Despite these challenges, we had a robust analytics instrumentation that gave us incredible insight into how people were using the app. This data-driven approach allowed us to continuously refine the experience based on actual usage patterns rather than assumptions.

Outcomes and Lessons

Project outcomes and key learnings

Outcomes and Lessons

Ravel represented a genuine innovation in the dating app space, creating more organic connections through shared visual interests rather than forced text interactions.

Our hashtag-based interaction model succeeded in providing authentic conversation starters. Instead of the dreaded "hey" opener, users were talking about specific interests they shared. The quality of initial conversations was noticeably higher than on traditional platforms, leading to more meaningful connections.

The technical balance we struck wasn't perfect. While RubyMotion allowed us to move quickly, the memory management challenges cost us in stability. I learned an important lesson about selecting technologies: sometimes the newest, shiniest tool has hidden costs that only become apparent at scale.

What surprised me most was how our instrumentation revealed unexpected user behaviors. We built features assuming certain usage patterns, only to discover users creating their own innovative ways to interact. The most successful features were often those with enough flexibility for users to adapt to their own needs.

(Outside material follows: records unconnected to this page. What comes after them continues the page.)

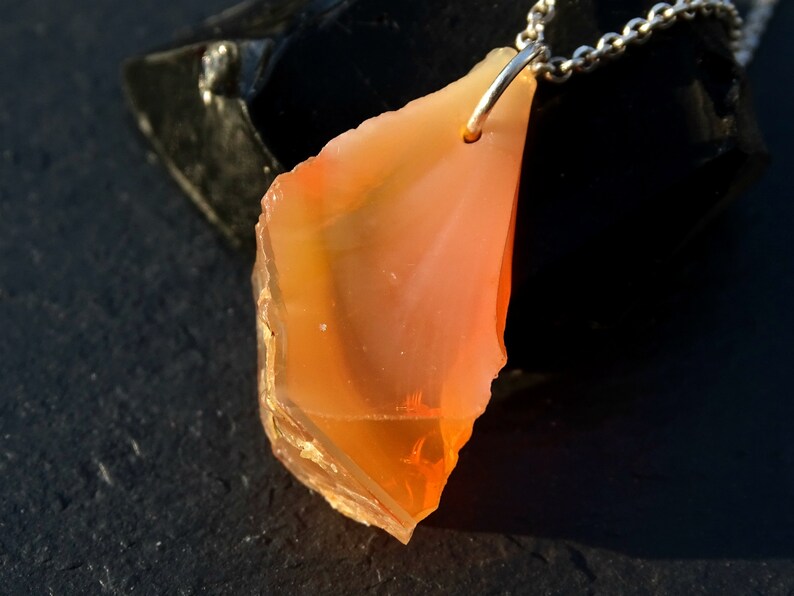 May include: A pendant necklace featuring a large, orange, and yellow, irregularly shaped, raw gemstone. The gemstone is attached to a silver chain.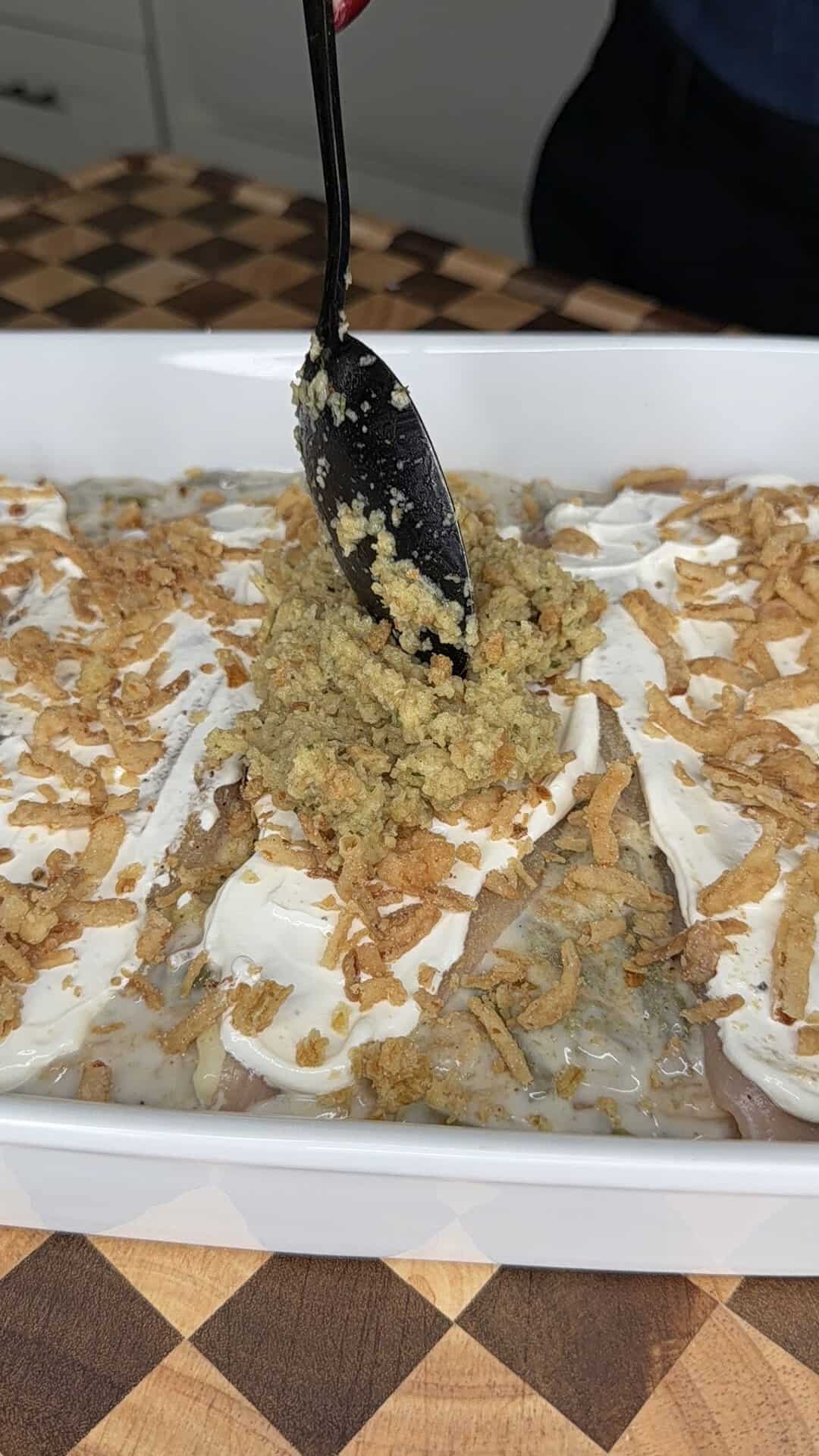 A black spoon adds stuffing to a baking dish containing chicken, creamy sauce, and crispy fried onions.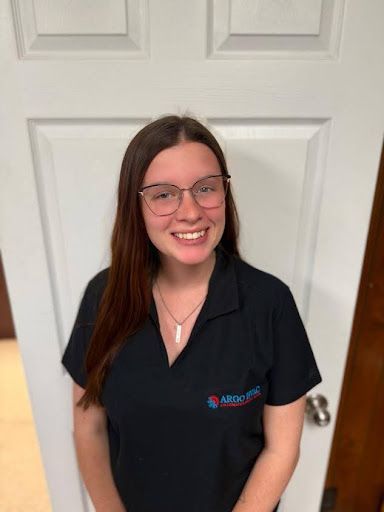 Woman with glasses and a black shirt smiling in front of a white door.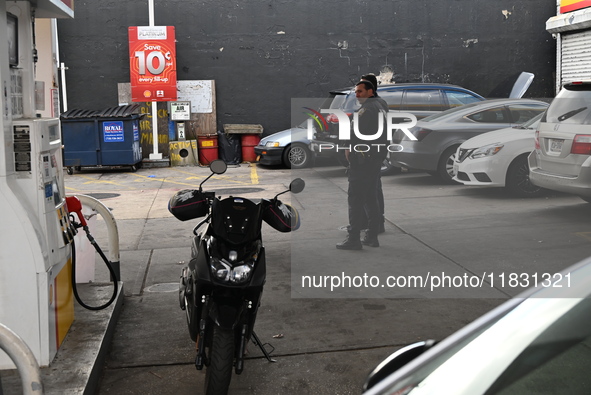 Two men are stabbed during an attempted robbery of a vehicle at a Shell gas station in the Sunset Park section of Brooklyn, New York, United...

The project taught me to balance innovation with familiarity. We pushed boundaries with our interaction model, but still incorporated enough familiar patterns that users weren't completely lost. Finding that sweet spot – where an app feels fresh and exciting but still intuitive – is incredibly difficult but essential for adoption.

While Ravel was eventually sunset as OkCupid Labs evolved its portfolio, many of the concepts we pioneered – visual-first profiles, interest-based discovery, and consent-based messaging – have since appeared in mainstream dating apps. The project was ahead of its time in recognizing that romantic connections often start with shared interests and authentic interactions rather than algorithmic matching or superficial swiping.

What sticks with me most from Ravel is how important it is to build products that mirror real human behavior. The most successful digital experiences don't create artificial interaction patterns – they amplify and enhance the natural ways people already connect with each other. That principle has guided my approach to product design ever since.